New year’s Python meme 2011

December 29th, 2011 at 6:39 am

Following Tarek’s lead:

1. What’s the coolest Python application, framework or library you have discovered in 2011?

There wasn’t a single huge discovery, but I did enjoy using some libs I hadn’t previously used. In alphabetical order:

  • Found the Python bindings to Clang.
  • The colorama library for coloring console output was useful for pss.
  • Python bindings to protocol buffers came in handy at work, and is a great tool for the toolbox in general.
  • I finally had some chance to play with Twisted, writing some real code based on it (not for production yet).
  • I really like the new unit-testing capabilities of Python 2.7 (a.k.a. unittest2)

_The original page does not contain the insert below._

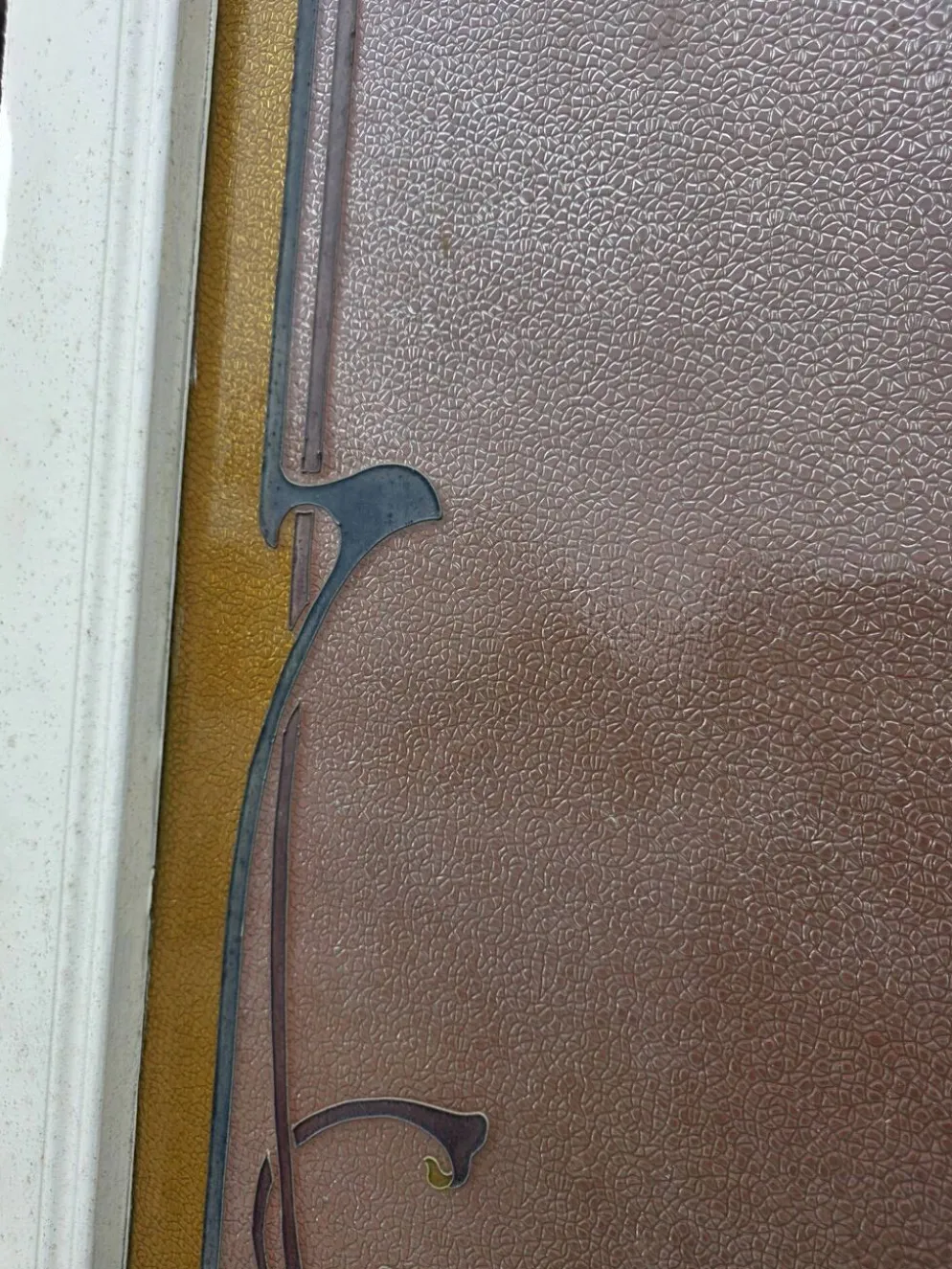 Paire de portes de séparation Art nouveau à verre émaillé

2. What new programming technique did you learn in 2011?

I got to work much more with continuous integration servers than before. Both at work (using Pulse and Jenkins) and in my Python development role (using Buildbot).

In addition, I got much more experience delivering real Python packages and using some helpful tools like virtualenv and tox for making the task of package development and testing easier. This year pycparser saw a few new releases, pss was released, and there’s another project still in stealth mode that also benefits from this experience.

3. What’s the name of the open source project you contributed the most in 2011? What did you do?

Not counting my own open-source projects, that would probably be CPython itself. I became a core developer with commit rights in January, and since then have worked on a lot of issues. Mainly in the standard library, tests and documentation, but also a bit in the core interpreter itself.

4. What was the Python blog or website you read the most in 2011?

I usually don’t subscribe to individual blogs, but use Planet Python and Reddit’s Python page as aggregators.

5. What are the three top things you want to learn in 2012?

  1. I gained a lot of understanding on the low-level workings of compilers, linkers, loaders and related technologies this year. I’d definitely want to learn even more.
  2. To understand the architecture of LLVM better than I do now.
  3. Javascript. Whether we like it or not, it’s the future.

6. What are the top software, app or lib you wish someone would write in 2012?

I would like to see even more code ported to Python 3.

It would also be nice to have much improved voice recognition for Android.